PLUS: A neurocomputational model for the Processing of Linguistic Utterances based on the Unification-Space architecture
Principle Investigator:
Prof.dr. G.A.M. Kempen, Universiteit Leiden, Faculteit der Sociale Wetenschappen
Abstract
Recent years have seen an increasing number of neurophysiological and neuroimaging studies on aspects of language processing. Unfortunately, these studies often lack an explicit account of the complex representational and processing issues that play a role in the computation of syntactic and semantic structures during language perception and production. On the other hand, there are several explicit computational models that do specify the representational levels and predict behavioral data. However, these models fail to take into explicit consideration the growing body of data from neuroimaging (in particular BOLD (fMRI)responses) and neurophysiology (ERPs). This situation is unfortunate, since explicit computational models can guide the search for the underlying neural architecture, and neural data may constrain the space of theoretical options for computational models.

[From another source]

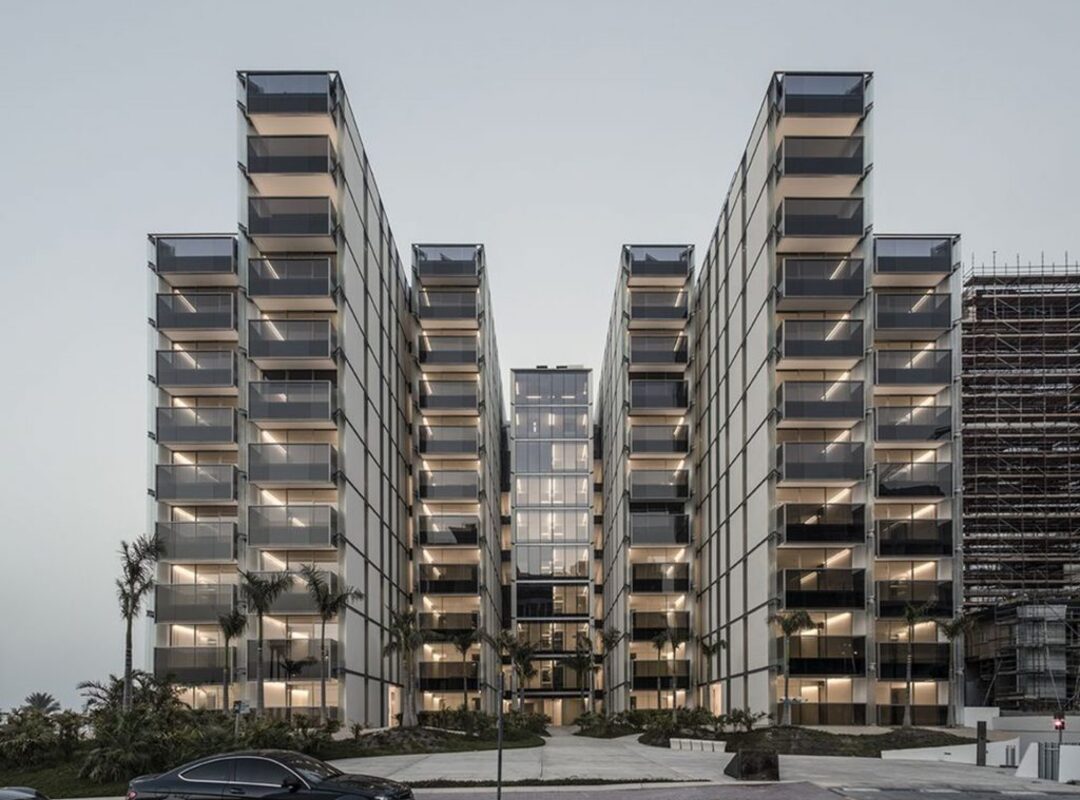 Showcasing The Best Apartment Designs In Dubai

This research proposal aims at bringing together these two levels of research: to develop a computationally explicit model of sentence processing that accounts not only for behavioral data but for recent ERP and BOLD effects as well. In designing and implementing such a model, we take the Unification-Space model of human sentence processing (Kempen & Vosse, 2000) as starting point. Although this model embodies some elementary principles of 'brain-style computing' and holds promises for a satisfactory explanation of neuroscientific data (Hagoort, 2003), it does not qualify as a real neurocomputational model. In order to achieve this aim, a next-generation model is required that is more solidly based on recent ideas concerning brain-style computing. The development of this new model will go hand in hand with testing its predictions in ERP and fMRI experiments that will inform its further development.